İmamların üretime katkıları yok. Üretime katkısı olmadan, üretimden pay almaları enflasyon nedenidir. Ülkemizde 140 bin imam, üretime katılmadan maaş alıyor. Aldıkları maaşın, ne dinen ne de hukuk ve ekonomik açıdan haklı tarafı yok.
Profesör Dr. Yaşar Nuri Öztürk ''Paralı imam arkasında kılınan namaz geçerli değildir'' diyordu. Yaşar Hoca, çok büyük bir din alimi idi. Gerçekleri saklamadan söyleyecek kadar da cesur bir insandı. Onun söylemleri, dini kullanarak haksız para kazananları rahatsız ediyordu.
Kuran ''para ile ibadet yaptırmayı'' yasaklıyor. Yasin Suresi 21. Ayet ile ''Sizden ücret almayanlar uyun'' diyor. Şeriat ile idare edilen Suudi Arabistanda paralı imam yok. İmam olmanın şartları var.

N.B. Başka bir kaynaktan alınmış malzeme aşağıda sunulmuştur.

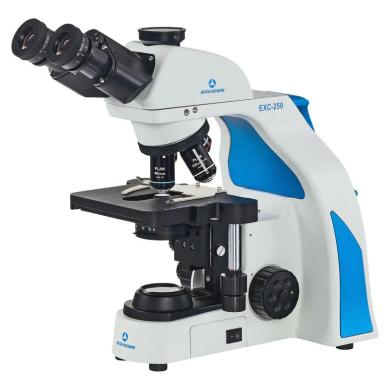 Accu-Scope EXC-250 Trinocular Microscope with Infinity Plan Achromat Optics and Digital Imaging Compatibility-cover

Kekeme olmamak, namaz kılmayı bilmek, Müslüman olmak, sağlıklı olmak gibi. Her sağlıklı Müslüman İmam olabilir. İmamlık, amatörce yapılan bir iştir. Para ile imamlık olmaz.
Olursa ne olur?
Paralı İmamın olduğu yerde, siyaset oluşuyor. Paralı imam, dinin dışına çıkarak siyaset yapıyor. Siyasette başarılı olmak isteyenlerin hedefinde iki kurum vardır. Birincisi muhtarlar. İkincisi imamlar. Her ikisini kazanan siyasi parti iktidar oluyor.
İşin içine siyaset girince, imamlar itibarını yitiriyor. Nitekim, Sn. Cumhurbaşkanı bir söyleminde ''Toplumun en saygın kişileri imamlar ve muhtarlar idi, şimdi bunlar itibar kaybetti'' diyor.
Paralı imamın olduğu yerde, hukuken haksızlık ortaya çıkıyor. İmam üretime katılmıyor. Bu nedenle karşılıksız toplumdan ücret alıyor. Aldığı para hukuka göre ''sebepsiz zenginleşme'' sayılıyor.
Dini açıdan ise, imamlar para ile ibadet yaptırdıkları için günaha giriyor.
Ekonomik açıdan ise durum daha vahim. Zira, üretime katılmadan pay aldıkları için, imamların aldığı ücret enflasyon yaratıyor.